However, there are certain prerequisites to be able to implement features in small bites.
- Design large to implement small: We spoke earlier about how treating the entire feature as the unit of work can be troublesome. However, to be able to break down work into smaller units, we need to design (at least roughly) the entire feature. This is necessary to make all the small pieces fit correctly. The output can look something like this – “we need a table to store these data points, REST APIs to insert single and bulk records to this table, and integration with external service X to check for Y before we insert”. We identify coarse-grained system boundaries that the feature implementation will impact and identify the changes that will be made. Coarse-grained is a relative term here, and this is a recursive process – if the feature is very large and spans multiple systems then we have to keep applying this breakdown till we reach the code if actual code that will be written in each of those systems.
- Test small changes deeply – Since each change is small, developers should be able to establish easily that each of them works exactly as intended. The fastest mechanism for doing this is via unit tests that mock external dependencies. However, any mechanism is fine as long as it establishes the deployment safety and intended behaviour of the change being published. Code reviews should look out for these tests.
- Small, fast-moving code reviews: One feature need not travel as one pull request. As a result of our design exercise, we can now implement the feature in a series of very small pull/code review requests in line with the design boundaries defined above. Large pull requests are never going to get reviewed as thoroughly as small ones because they take a much larger amount of effort on the part of the reviewer. The flip side of this argument is that we should have team processes in place to get the code reviewed very quickly. I have published some guidelines for reviewing distributed systems code – check them out for some pointers on things to look out for.
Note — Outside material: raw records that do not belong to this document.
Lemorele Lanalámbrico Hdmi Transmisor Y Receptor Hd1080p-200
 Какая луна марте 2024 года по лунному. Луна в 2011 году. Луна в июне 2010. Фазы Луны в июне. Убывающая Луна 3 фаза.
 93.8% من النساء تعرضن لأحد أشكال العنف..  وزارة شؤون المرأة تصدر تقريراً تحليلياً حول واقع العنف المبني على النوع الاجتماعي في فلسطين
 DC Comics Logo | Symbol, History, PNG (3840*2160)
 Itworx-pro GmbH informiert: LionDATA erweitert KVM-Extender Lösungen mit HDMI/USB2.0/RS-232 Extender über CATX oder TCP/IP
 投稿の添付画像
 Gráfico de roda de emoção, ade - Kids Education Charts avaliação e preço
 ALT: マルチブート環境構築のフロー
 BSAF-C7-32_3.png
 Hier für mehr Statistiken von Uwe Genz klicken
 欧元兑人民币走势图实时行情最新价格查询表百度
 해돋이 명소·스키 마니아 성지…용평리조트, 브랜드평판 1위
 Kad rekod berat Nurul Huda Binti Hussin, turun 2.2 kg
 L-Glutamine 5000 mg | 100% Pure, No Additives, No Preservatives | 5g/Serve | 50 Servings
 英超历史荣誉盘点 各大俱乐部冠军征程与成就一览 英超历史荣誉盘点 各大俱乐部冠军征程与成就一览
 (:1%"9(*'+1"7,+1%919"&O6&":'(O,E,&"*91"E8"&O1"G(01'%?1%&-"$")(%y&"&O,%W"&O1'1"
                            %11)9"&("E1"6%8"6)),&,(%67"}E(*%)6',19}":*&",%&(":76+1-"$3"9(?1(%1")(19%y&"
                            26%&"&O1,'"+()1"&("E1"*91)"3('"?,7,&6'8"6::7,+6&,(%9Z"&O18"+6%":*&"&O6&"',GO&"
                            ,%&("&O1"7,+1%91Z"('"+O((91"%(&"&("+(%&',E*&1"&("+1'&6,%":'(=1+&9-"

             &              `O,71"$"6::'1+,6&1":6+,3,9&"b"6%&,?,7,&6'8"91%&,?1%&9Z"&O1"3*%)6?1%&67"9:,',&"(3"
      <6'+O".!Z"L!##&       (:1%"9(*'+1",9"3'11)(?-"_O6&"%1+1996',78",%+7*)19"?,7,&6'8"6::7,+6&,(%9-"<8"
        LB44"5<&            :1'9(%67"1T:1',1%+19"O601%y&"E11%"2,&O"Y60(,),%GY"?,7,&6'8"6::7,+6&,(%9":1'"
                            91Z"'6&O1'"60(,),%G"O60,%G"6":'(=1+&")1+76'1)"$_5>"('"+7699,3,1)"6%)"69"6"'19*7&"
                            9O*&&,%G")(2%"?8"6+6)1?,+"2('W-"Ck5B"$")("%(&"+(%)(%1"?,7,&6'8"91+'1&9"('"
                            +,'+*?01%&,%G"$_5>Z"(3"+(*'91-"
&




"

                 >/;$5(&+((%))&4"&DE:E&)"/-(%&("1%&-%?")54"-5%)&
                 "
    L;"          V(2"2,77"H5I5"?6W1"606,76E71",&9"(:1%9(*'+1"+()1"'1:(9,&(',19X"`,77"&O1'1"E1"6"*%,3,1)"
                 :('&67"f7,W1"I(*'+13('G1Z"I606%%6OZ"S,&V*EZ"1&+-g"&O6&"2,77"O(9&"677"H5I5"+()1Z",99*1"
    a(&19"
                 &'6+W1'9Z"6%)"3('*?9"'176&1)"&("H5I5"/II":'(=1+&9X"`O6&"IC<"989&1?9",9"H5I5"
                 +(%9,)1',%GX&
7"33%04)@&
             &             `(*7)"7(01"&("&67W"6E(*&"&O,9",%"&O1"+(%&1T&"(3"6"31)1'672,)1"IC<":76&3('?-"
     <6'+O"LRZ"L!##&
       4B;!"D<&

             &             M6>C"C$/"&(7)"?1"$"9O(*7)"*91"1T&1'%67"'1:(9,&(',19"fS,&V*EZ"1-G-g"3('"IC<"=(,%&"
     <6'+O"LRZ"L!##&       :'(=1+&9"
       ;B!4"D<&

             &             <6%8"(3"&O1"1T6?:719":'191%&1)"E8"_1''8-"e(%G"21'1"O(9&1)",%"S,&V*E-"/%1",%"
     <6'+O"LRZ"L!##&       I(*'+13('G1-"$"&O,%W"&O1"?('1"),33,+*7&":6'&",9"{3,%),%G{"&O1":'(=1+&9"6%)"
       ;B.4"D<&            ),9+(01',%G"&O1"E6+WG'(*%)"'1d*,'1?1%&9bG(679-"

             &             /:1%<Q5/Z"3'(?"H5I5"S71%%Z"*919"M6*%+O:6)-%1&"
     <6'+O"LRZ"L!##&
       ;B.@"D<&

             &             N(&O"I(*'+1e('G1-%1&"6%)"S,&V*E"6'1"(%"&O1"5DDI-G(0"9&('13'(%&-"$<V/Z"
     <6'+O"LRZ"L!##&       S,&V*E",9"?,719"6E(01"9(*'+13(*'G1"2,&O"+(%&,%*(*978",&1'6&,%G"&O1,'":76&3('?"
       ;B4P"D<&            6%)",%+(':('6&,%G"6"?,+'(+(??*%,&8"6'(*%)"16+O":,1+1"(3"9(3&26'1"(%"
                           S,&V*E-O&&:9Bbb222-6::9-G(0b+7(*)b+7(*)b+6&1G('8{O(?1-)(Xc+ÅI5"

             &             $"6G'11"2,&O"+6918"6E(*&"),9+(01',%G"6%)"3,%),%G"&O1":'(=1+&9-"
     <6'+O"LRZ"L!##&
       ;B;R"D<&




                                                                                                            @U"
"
After these changes, we are pushing very small, verified to be safe changes down the deployment pipeline, much of which is already automated and needs minimal manual intervention. But no amount of automation or tooling will help make our deployments fast or safe if we insist on pushing large changes in batches. Large change sets lead to poor testing/reviews lead to unstable systems.
Software Delivery as Change Stream
To me, this is a mental shift in terms of thinking of software delivery as a stream of small changes that are intended to compose into a feature on deployment instead of thinking in terms of moving features from the developer’s laptop to production servers. There is no such thing as a feature that is “done” – everything is always evolving and changing. So instead of viewing features as statically-bound things that we ship, we should think of them as a set of changes that we need to make within certain system boundaries. Some people call this ”Flow” of work through software organizations. This is enabled as much by the adoption of agile techniques in the development phase as it is enabled by evolving out-of-the-box infrastructure capabilities in the deployment and operations phase.
Deploy as frequently as you can. No matter what you think the cost of deploying is now, it will only be greater later on. Unless you are building some life-or-death related software or something which is highly regulated, my vote goes to deploying as fast as you can. Like the broken-window theory, making rapid deployment an engineering objective will directly give rise to a robust engineering culture and practices which will help your organization in the long run.
Read Next – Moving faster (not just fast) as an organization imperative (aka Build momentum not velocity)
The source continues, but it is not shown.